In a conversation with the editorial board of the Chicago Tribune on Tuesday, Homeland Security Chief Michael Chertoff said he thought there was an increased risk of the country coming under terrorist attack this summer—speculation he attributed to "a gut feeling." President Bush has also been known to turn to his digestive organ for advice: Explaining the Iraq invasion a few years ago, he told Washington Post reporter Bob Woodward that he was a "gut player." How much does your gut actually know?
Plenty. In fact, your gut is so packed with neurons that in the 1990s one gastroneurologist, Michael Gershon, dubbed it the "second brain." This enteric nervous system looks a lot like the network of cells that exists in your actual brain, and it uses all the same neurotransmitters (including 95 percent of the body's serotonin). It can operate on its own—that's without cranial consultation—to start or stop the flow of digestive enzymes, regulate pH levels inside the gut, or expel that week-old sushi that you ate against the better judgment of brain No. 1.
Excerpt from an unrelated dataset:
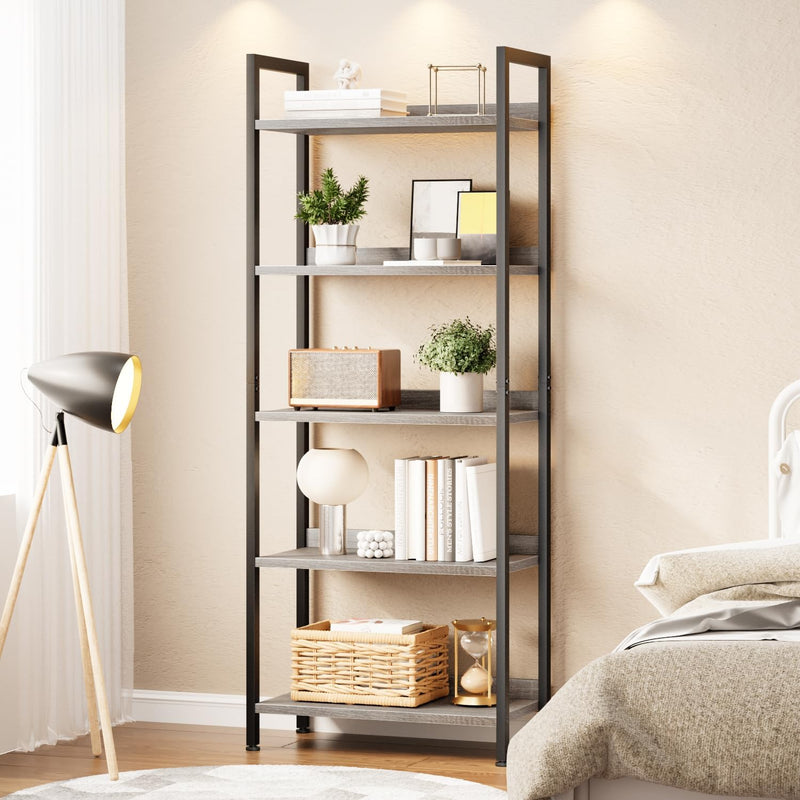 5 Tier Slim Bookshelf Bookcase with Backboard Rustic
Scientists first caught on to the gut's unique ability to do its own thing around the turn of the last century. Two British scientists, William Bayliss and Ernest Starling, realized that the muscles of a dog's intestine contract in response to pressure. This reflex continued even after the scientists had severed the nerves connecting the intestine to the brain and spinal cord. Other organs (as well as arms and legs) depend upon the central nervous system for this type of behavior. The gut, it seemed, had a mind of its own.
Although the gut is the only organ able to keep itself pumping, churning, and spewing, its "thinking" capabilities are limited. We know when it's telling us it's full or needs to be emptied. But most of the messages that the gut sends never enter our awareness. Within the relatively new field of gastroneurology, scientists are still trying to decode what those messages are and how they affect us at a subconscious level. Some suspect that our emotions could be influenced by these signals from gut to brain.
What about the sensation of knots in your stomach—isn't that the gut's way of telling you to be wary of something (like a terrorist attack)? No, it's the other way around. If your brain perceives that you might be in mortal danger, it tells your body to start shutting down. Digestion would be a waste of much-needed energy in a life-or-death situation, so the lower portion of the gastrointestinal tract contracts to push everything out.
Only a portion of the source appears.